Washington, DC - Domingo Garcia, LULAC National President today issued the following statement in remembrance of the 79th anniversary of the attack on Pearl Harbor which led to the United States entering World War II.

“December 7th is a day whose significance in our country’s history has faded from the minds of many people and others are too young to even be aware of it. Yet, for the loved ones of the 2,400 Americans killed and more than 1,000 others wounded in the attack, their memories are still as vivid and their loss just as real. On this day, LULAC pays tribute to those who died and were wounded including 2,008 Navy personnel, 109 Marines, 218 Army service members and 68 civilians. 1,177 were from the USS Arizona alone which now marks the main memorial to this “day of infamy”. The total number of wounded was 1,143 including 710 Navy, 69 Marines, 364 Army and 103 civilians.

These are not just numbers. They represent the lives of fathers, mothers, sons and daughters who died in service to their country. They were the first of the more than 1-million American service members who would die or suffer combat injuries in World War II, which this incident triggered. It was the worst military conflict up until that time that the world had witnessed and on a scale not repeated since.

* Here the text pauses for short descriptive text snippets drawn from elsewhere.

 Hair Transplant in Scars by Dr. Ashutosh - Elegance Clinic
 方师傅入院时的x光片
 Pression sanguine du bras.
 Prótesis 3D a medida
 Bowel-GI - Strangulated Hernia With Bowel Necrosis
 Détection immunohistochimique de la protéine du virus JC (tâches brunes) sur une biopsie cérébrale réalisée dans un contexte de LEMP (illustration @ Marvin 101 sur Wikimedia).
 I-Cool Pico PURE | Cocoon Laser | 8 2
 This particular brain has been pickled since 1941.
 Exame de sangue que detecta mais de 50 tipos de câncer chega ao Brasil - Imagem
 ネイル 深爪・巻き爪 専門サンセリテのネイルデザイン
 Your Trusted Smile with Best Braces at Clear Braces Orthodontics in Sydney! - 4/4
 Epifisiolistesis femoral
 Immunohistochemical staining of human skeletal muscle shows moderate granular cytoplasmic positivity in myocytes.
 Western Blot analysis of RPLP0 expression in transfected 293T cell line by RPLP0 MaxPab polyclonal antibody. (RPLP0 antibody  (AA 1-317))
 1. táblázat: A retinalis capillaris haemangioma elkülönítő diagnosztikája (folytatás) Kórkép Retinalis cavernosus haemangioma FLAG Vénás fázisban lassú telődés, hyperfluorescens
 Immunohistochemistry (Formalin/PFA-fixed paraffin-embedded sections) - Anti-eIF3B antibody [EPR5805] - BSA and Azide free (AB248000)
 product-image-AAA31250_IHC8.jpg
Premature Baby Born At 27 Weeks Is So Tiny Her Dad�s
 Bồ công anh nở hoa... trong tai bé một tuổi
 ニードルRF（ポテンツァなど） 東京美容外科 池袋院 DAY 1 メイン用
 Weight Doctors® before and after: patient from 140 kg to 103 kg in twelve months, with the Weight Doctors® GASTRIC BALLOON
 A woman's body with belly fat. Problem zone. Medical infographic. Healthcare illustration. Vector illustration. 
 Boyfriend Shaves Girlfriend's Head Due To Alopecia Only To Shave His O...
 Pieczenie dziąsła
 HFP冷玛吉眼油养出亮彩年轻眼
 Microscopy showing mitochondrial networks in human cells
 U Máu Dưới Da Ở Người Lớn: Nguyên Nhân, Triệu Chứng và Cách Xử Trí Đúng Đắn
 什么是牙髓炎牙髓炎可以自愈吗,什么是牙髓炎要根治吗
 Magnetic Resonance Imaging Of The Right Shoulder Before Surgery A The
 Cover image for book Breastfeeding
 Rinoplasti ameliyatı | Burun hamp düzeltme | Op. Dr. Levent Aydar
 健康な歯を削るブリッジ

LULAC has always honored veterans and those who are serving in our nation’s defense. May we on this day, nearly eight decades later, take a moment to reflect upon the meaning of Pearl Harbor Day and share a word or prayer for those who perished and their families whose lives were forever changed because of this single event. Our freedoms are precious and they have been won by courageous men and women paying the highest price possible. May we never forget them and may God bless America.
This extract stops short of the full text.